### RECORDS FOR THE TASK
□ □ □

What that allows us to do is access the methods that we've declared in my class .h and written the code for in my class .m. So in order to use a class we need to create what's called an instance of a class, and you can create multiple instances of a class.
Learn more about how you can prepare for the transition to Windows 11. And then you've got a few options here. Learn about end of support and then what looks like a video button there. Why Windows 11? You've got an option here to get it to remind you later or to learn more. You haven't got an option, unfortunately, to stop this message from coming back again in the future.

□ □ □

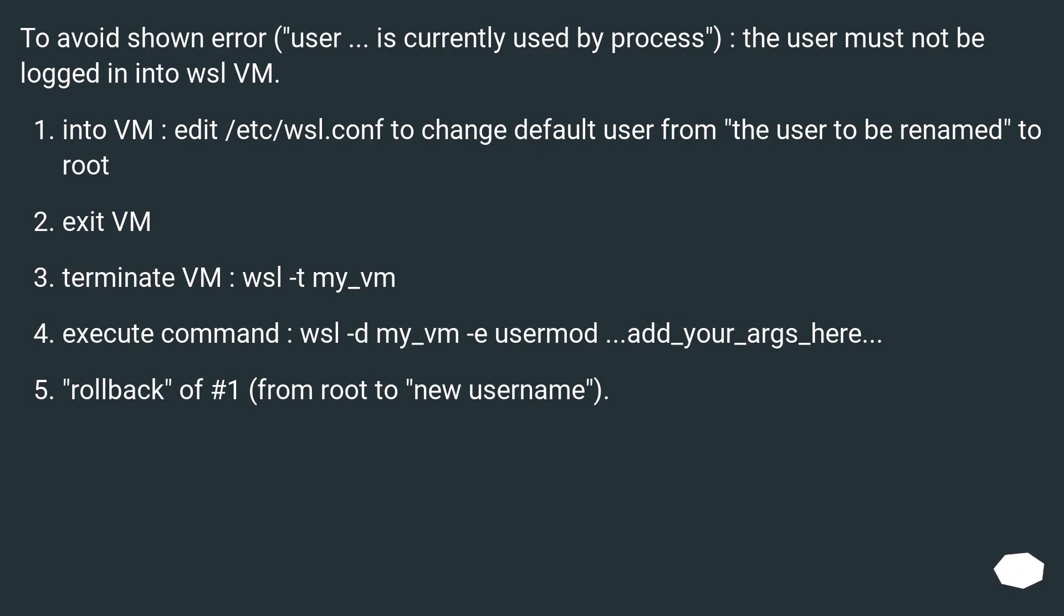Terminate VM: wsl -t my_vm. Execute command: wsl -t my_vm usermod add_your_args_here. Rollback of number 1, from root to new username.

□ □ □

### AIM OF THE EXERCISE
Filter the listing above by the word "what"; copy each line that passes.

### TASK SOLUTION
What that allows us to do is access the methods that we've declared in my class .h and written the code for in my class .m. So in order to use a class we need to create what's called an instance of a class, and you can create multiple instances of a class.
Learn more about how you can prepare for the transition to Windows 11. And then you've got a few options here. Learn about end of support and then what looks like a video button there. Why Windows 11? You've got an option here to get it to remind you later or to learn more. You haven't got an option, unfortunately, to stop this message from coming back again in the future.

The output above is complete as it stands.